▶ _Directions for this task_
Below are entries. Reproduce exactly the lines between the line holding "Configurações Disponíveis" and the line holding "Template design of", inclusive, and only those.

▶ _Data for processing_
★ ★ ★

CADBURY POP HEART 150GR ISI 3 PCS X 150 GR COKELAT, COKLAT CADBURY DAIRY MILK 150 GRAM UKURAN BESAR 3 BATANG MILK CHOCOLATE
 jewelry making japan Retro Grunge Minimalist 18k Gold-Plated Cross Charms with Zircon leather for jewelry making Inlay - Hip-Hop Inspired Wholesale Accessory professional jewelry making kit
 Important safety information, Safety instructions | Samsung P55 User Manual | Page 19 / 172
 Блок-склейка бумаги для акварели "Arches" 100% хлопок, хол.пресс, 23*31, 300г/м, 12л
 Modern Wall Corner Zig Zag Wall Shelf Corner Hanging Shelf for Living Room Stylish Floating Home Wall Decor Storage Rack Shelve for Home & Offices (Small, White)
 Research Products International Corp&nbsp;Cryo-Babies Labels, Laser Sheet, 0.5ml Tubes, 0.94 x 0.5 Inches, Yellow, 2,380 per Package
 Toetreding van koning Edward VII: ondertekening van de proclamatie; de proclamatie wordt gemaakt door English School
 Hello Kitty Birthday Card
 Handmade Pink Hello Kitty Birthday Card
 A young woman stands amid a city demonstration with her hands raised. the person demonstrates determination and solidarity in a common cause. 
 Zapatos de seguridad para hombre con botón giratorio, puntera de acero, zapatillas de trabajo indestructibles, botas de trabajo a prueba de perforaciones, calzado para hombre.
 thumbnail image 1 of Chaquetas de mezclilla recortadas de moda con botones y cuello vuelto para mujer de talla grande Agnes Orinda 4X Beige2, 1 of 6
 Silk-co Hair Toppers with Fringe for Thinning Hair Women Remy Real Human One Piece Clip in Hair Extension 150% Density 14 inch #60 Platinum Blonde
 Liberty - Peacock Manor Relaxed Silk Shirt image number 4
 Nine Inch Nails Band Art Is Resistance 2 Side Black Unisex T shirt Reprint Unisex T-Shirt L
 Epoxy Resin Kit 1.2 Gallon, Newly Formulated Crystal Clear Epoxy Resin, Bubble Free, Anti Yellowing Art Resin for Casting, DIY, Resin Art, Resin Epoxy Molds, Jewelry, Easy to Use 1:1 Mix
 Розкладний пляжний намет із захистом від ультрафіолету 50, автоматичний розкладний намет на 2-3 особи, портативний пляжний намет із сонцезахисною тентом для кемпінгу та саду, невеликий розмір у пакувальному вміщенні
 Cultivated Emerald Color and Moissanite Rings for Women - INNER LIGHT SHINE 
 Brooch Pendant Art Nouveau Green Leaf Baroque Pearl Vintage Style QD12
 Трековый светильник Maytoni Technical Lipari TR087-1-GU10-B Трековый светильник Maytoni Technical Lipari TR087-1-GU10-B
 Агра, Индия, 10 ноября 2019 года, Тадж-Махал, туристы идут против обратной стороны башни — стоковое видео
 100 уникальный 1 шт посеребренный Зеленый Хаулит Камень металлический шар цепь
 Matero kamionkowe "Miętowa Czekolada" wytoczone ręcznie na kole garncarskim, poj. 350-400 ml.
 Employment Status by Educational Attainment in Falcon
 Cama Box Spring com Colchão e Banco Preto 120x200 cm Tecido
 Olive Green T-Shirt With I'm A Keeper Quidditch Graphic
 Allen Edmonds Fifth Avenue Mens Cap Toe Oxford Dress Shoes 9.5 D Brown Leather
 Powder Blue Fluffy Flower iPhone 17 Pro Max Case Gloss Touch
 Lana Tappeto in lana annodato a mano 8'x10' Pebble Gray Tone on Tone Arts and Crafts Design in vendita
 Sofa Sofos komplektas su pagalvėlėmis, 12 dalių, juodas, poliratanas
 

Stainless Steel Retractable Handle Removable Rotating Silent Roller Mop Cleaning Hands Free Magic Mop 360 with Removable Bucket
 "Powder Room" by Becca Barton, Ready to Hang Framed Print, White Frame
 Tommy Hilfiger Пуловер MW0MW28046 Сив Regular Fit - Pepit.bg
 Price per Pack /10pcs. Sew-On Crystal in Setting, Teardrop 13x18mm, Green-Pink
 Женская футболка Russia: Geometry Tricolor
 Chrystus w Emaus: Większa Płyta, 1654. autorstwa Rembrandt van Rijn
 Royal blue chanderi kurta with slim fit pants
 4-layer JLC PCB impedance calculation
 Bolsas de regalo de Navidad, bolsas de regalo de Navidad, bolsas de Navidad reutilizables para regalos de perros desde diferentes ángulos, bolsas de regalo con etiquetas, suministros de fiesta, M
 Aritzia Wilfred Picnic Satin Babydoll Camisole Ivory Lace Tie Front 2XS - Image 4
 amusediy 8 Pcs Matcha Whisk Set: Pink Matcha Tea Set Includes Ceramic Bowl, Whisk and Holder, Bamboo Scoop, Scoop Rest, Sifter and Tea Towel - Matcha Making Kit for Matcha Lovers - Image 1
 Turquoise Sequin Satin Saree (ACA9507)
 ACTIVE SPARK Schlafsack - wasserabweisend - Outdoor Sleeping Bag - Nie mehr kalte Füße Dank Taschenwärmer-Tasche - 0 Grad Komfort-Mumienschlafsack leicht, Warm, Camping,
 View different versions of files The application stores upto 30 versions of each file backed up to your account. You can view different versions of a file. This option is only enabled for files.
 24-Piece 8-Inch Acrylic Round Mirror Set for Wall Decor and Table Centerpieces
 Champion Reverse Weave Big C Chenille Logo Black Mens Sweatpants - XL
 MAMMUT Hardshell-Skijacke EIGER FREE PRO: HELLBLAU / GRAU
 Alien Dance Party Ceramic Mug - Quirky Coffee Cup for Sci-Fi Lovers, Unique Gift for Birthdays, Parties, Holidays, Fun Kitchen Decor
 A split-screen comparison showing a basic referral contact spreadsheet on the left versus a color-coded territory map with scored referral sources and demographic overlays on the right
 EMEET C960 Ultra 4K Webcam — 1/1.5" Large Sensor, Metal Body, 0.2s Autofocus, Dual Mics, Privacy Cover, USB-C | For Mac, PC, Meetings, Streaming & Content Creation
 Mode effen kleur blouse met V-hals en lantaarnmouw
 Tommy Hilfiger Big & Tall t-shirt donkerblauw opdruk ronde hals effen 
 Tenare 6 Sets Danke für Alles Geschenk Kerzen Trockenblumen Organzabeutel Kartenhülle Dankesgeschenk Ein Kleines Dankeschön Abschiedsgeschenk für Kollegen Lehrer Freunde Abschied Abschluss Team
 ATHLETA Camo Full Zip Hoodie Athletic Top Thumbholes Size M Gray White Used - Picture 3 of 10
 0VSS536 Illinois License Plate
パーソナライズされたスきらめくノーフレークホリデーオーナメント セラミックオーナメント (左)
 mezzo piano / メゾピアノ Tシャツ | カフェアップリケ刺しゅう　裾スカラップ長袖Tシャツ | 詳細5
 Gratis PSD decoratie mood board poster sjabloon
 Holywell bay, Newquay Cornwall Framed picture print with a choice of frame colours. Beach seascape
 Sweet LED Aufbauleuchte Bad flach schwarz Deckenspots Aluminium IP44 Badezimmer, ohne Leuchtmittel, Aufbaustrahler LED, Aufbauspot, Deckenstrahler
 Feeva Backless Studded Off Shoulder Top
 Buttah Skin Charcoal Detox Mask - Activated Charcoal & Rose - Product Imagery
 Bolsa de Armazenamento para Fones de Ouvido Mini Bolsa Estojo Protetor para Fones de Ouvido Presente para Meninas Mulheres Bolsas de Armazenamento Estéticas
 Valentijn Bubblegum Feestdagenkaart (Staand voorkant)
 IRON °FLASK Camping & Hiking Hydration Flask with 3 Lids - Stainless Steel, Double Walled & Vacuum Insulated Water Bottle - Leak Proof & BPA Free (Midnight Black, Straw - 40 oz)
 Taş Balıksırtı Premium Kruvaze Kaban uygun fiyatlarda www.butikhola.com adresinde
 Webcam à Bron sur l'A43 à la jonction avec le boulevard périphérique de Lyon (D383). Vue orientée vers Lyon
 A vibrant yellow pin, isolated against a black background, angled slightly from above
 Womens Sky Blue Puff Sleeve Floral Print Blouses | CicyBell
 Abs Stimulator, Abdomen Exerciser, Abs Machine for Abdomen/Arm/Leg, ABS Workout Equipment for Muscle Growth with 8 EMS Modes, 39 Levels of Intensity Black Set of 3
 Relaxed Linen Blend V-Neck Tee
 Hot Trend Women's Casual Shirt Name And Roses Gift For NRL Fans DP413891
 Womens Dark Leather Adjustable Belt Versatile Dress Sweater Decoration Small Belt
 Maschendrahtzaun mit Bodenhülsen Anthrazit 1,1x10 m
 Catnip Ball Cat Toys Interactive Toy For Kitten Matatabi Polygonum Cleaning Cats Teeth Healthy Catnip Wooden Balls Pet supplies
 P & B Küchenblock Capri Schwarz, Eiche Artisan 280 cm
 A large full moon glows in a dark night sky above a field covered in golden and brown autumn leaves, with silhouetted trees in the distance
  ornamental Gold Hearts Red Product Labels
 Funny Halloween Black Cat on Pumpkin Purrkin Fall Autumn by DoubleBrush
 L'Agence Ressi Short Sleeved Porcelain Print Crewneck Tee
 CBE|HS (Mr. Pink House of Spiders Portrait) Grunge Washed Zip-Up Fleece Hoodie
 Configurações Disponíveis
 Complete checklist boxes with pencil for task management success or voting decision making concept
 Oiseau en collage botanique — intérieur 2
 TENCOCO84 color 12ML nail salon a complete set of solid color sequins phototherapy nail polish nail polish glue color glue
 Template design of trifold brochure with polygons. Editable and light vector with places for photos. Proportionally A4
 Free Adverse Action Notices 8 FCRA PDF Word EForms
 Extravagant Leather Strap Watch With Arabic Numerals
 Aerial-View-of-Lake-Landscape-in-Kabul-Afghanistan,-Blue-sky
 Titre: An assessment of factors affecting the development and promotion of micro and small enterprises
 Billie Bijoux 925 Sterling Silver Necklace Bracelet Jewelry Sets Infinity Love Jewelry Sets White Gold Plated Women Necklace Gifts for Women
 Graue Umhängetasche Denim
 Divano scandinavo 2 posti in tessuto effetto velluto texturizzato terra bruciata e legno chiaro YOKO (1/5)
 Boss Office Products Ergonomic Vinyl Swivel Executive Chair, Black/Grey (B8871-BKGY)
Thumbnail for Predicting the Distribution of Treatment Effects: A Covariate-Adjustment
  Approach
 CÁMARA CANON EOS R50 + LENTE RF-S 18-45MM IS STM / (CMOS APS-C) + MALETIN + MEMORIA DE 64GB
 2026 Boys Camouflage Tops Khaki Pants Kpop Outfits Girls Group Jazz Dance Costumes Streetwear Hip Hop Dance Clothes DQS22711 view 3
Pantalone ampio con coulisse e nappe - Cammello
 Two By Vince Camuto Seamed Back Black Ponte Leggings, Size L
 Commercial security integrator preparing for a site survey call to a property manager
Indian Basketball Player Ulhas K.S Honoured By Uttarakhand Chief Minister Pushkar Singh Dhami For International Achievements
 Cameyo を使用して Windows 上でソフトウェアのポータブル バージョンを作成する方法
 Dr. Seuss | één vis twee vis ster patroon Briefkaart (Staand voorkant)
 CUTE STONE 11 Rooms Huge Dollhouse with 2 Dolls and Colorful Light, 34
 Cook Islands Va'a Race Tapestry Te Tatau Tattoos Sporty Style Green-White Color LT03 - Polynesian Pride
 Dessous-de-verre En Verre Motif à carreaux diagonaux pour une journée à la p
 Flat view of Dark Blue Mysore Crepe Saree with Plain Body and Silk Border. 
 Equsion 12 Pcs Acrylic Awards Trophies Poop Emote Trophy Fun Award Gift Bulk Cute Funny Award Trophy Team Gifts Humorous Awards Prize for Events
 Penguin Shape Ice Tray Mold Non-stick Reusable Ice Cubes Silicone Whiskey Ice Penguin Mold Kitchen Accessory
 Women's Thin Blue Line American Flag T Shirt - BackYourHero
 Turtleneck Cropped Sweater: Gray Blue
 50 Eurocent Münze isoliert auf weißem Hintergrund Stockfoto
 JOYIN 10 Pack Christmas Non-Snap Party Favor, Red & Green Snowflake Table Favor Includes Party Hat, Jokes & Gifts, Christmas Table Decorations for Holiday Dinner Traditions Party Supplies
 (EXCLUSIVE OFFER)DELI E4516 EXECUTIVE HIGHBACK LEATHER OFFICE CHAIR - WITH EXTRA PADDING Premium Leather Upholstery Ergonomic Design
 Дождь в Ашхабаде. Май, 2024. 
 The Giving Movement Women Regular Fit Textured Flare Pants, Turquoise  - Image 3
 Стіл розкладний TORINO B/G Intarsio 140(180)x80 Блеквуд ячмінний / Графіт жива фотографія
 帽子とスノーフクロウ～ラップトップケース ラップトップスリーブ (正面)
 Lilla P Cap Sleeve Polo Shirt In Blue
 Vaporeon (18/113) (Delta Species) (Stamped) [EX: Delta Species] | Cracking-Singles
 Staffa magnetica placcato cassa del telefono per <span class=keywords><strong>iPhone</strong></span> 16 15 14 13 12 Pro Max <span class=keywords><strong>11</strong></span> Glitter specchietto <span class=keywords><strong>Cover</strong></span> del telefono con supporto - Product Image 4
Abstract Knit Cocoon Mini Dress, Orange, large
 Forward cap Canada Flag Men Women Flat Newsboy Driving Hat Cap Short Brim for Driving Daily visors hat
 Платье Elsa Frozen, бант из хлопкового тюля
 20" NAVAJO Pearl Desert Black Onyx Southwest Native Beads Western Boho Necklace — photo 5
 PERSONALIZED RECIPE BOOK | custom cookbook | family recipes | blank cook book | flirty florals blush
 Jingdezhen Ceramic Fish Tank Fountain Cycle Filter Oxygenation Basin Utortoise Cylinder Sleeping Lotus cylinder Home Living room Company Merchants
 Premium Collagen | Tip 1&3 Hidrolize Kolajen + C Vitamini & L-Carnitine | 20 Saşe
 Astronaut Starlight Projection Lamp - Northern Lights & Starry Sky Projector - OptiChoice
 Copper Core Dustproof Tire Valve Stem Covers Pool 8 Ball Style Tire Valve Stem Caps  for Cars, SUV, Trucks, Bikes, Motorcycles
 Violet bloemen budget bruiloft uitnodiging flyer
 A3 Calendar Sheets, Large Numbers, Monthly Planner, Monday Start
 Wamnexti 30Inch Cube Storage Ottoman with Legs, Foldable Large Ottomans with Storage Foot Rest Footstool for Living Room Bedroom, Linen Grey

★ ★ ★

▶ _Answer below_
 Configurações Disponíveis
 Complete checklist boxes with pencil for task management success or voting decision making concept
 Oiseau en collage botanique — intérieur 2
 TENCOCO84 color 12ML nail salon a complete set of solid color sequins phototherapy nail polish nail polish glue color glue
 Template design of trifold brochure with polygons. Editable and light vector with places for photos. Proportionally A4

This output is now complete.